LISTED RECORDS:

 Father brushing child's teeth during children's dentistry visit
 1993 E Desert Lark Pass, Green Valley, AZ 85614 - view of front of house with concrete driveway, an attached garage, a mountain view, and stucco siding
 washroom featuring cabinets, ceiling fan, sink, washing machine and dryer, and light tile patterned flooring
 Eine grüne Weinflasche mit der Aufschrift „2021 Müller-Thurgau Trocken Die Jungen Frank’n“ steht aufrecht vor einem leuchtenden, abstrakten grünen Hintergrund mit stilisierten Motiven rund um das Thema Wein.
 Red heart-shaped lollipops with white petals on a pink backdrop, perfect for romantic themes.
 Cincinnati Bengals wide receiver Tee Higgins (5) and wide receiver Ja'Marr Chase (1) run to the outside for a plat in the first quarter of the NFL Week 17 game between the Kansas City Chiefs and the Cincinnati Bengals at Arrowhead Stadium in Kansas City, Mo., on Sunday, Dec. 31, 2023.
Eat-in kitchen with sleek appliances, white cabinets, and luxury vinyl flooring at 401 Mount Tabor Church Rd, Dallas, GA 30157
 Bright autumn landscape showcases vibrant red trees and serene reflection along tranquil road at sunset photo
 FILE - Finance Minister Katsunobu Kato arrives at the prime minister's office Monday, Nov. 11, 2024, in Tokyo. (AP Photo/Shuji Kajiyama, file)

* * *

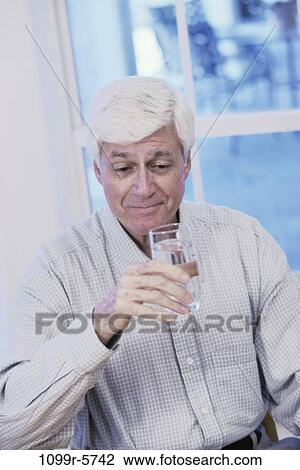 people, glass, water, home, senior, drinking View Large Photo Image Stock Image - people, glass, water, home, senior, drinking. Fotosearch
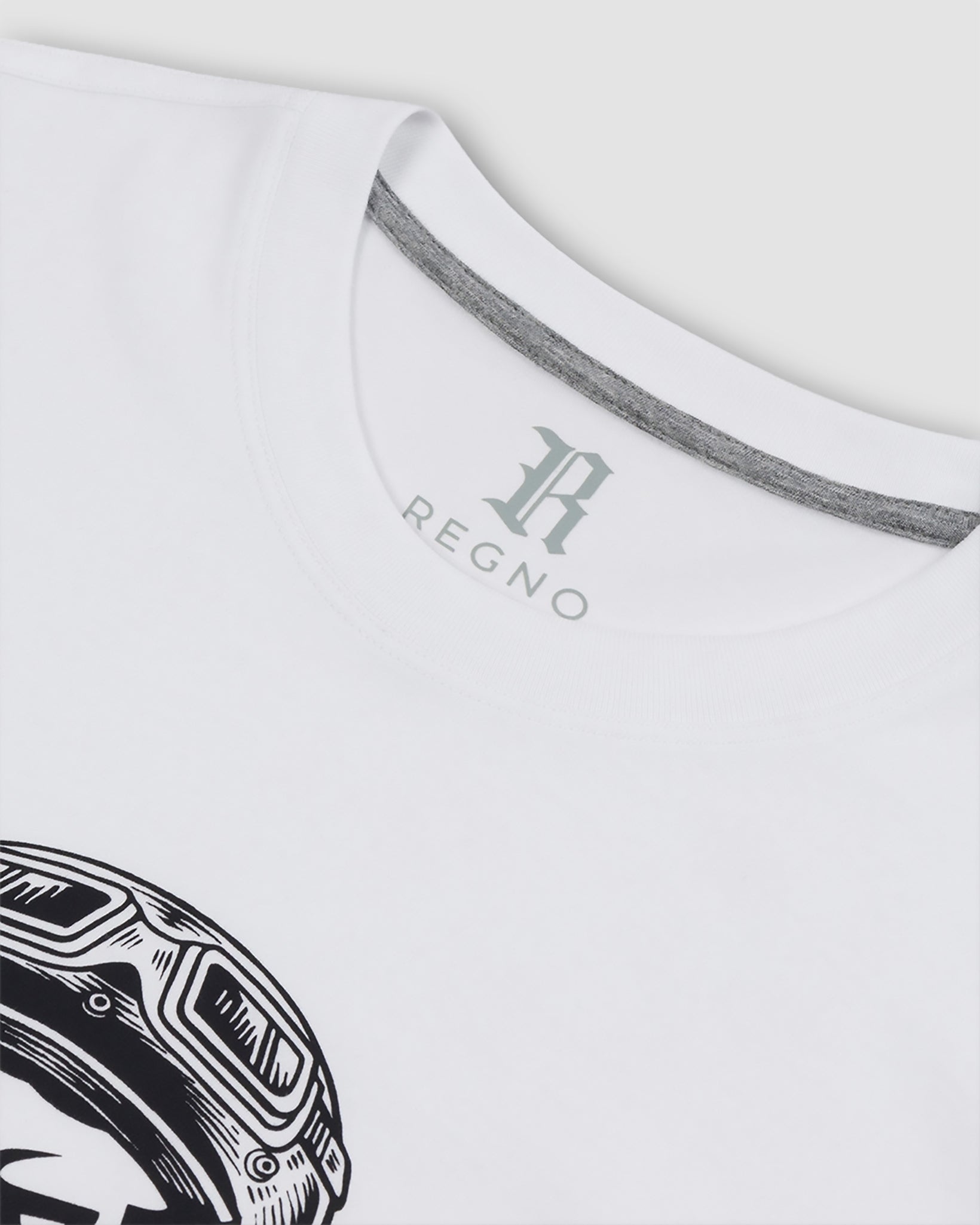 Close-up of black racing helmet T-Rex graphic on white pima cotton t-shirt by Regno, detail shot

--

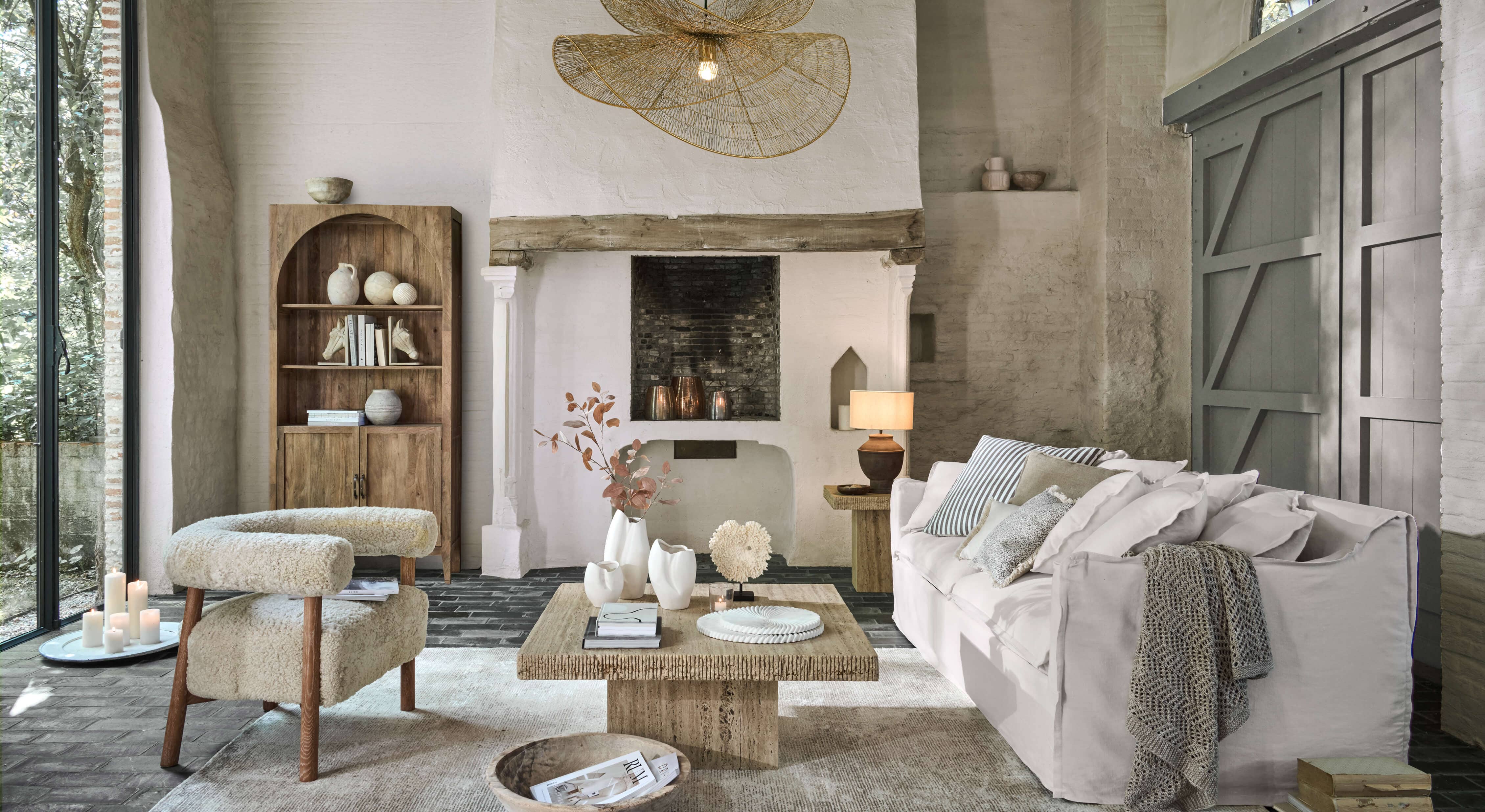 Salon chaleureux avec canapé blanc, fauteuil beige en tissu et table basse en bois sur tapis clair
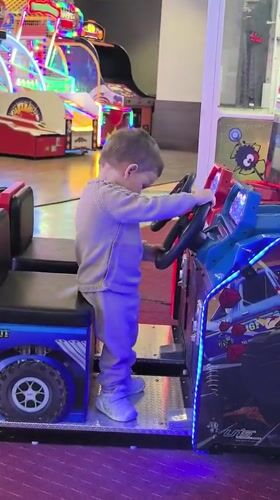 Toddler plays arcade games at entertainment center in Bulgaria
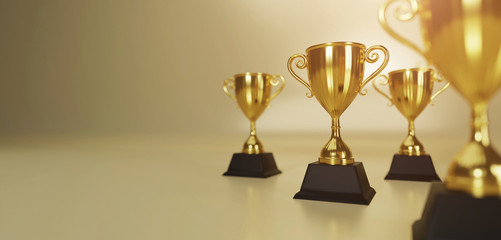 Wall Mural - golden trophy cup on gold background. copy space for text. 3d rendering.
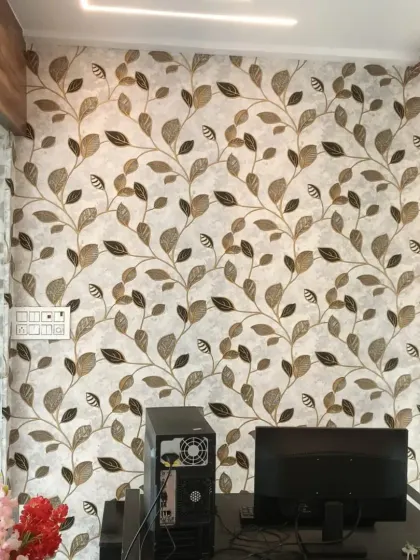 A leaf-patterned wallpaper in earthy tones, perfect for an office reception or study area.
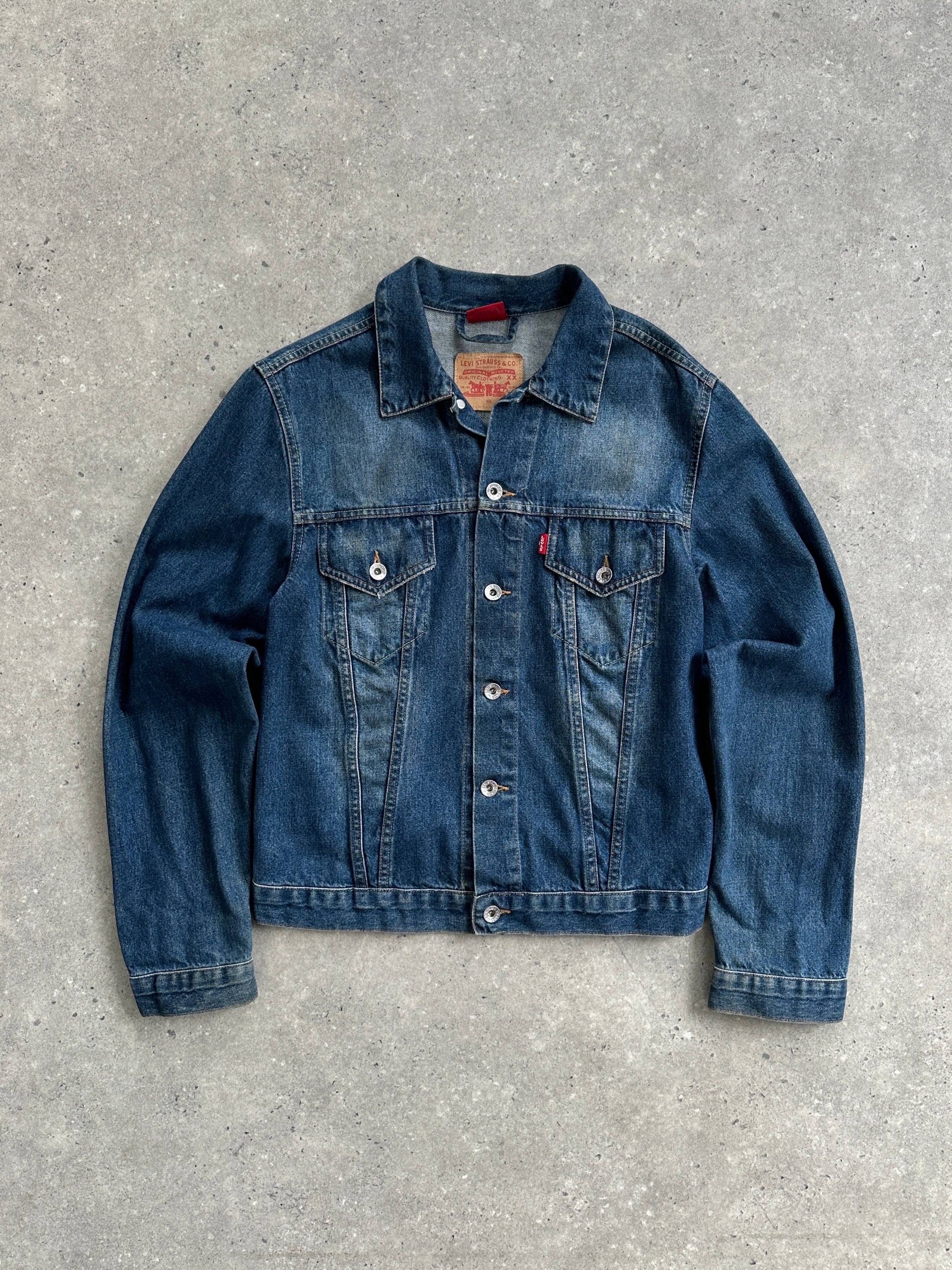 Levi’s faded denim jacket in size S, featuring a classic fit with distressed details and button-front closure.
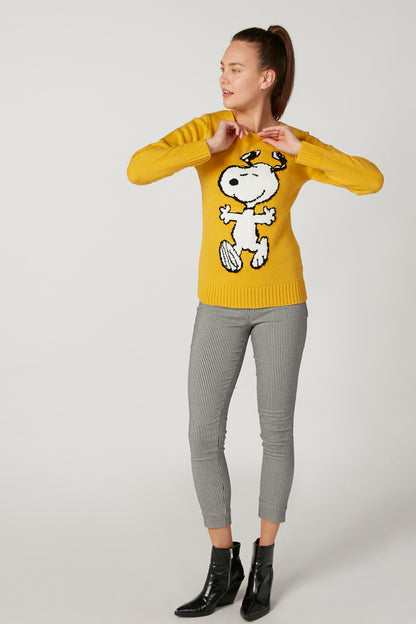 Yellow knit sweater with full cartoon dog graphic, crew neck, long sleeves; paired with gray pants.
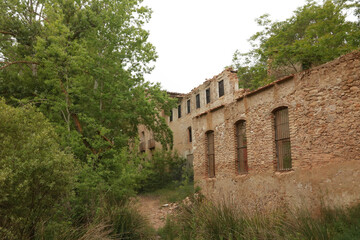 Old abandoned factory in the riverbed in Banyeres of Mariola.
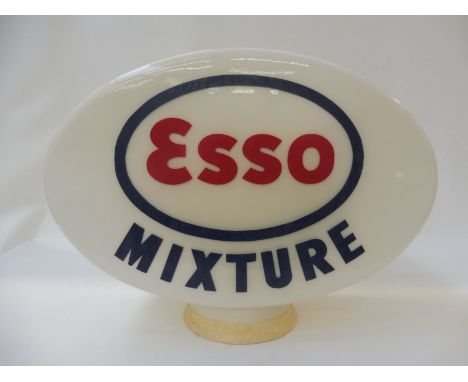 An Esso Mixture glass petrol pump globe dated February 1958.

TASK ITEM: The response should hold exactly the lines starting at the line with "Eine grüne Weinflasche" and ending at the line with "FILE - Finance", and no other line of the material above.

REPLY TO THE TASK:
 Eine grüne Weinflasche mit der Aufschrift „2021 Müller-Thurgau Trocken Die Jungen Frank’n“ steht aufrecht vor einem leuchtenden, abstrakten grünen Hintergrund mit stilisierten Motiven rund um das Thema Wein.
 Red heart-shaped lollipops with white petals on a pink backdrop, perfect for romantic themes.
 Cincinnati Bengals wide receiver Tee Higgins (5) and wide receiver Ja'Marr Chase (1) run to the outside for a plat in the first quarter of the NFL Week 17 game between the Kansas City Chiefs and the Cincinnati Bengals at Arrowhead Stadium in Kansas City, Mo., on Sunday, Dec. 31, 2023.
Eat-in kitchen with sleek appliances, white cabinets, and luxury vinyl flooring at 401 Mount Tabor Church Rd, Dallas, GA 30157
 Bright autumn landscape showcases vibrant red trees and serene reflection along tranquil road at sunset photo
 FILE - Finance Minister Katsunobu Kato arrives at the prime minister's office Monday, Nov. 11, 2024, in Tokyo. (AP Photo/Shuji Kajiyama, file)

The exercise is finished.